As we introduced hotspots in Chapter 2, Code as a Crime Scene, we based our hotspots on a core idea from geographical profiling: the spatial movement of criminals helps us identify and catch them. Similarly, we’ve been able to identify patterns in our spatial movement in code. And these patterns let us identify maintenance problems and react to them.
Over the years, forensic psychologists have looked at other behavioral patterns as well. One recent study investigated the location of disposal sites used by serial killers. It sure is a macabre research subject, but the information gained is valuable. Let’s look into it.

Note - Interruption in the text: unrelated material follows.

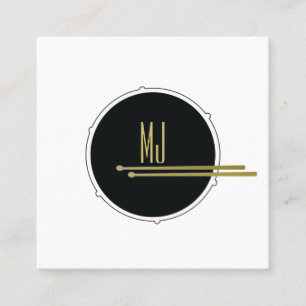 Drums Minimalist Modern   Drummer Simple Black Square Business Card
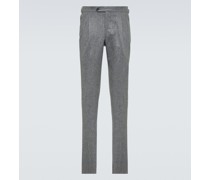 Thom Sweeney Schmale Hose aus Wollflanell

The deeds of a serial killer are bizarre. There’s not much to understand there. But although the deeds are irrational, there is a certain logic to the places where serial killers choose to dispose of their victims. One driving force is minimizing the risk of detection. That means the disposal sites are carefully chosen. Often, the geographical distribution of these locations overlaps with the offender’s other noncriminal activities. (See Principles of Geographical Offender Profiling [CY08a].) As a consequence, the location of disposal sites contains additional information that points to the offender.
Our programing activities are nowhere near as gruesome, but our codebases do have disposal sites. Disposal sites of code that shouldn’t be there are also hard to find. Just as criminal investigators improve their models by looking for additional data, so should we. Let’s see how code churn provides that information.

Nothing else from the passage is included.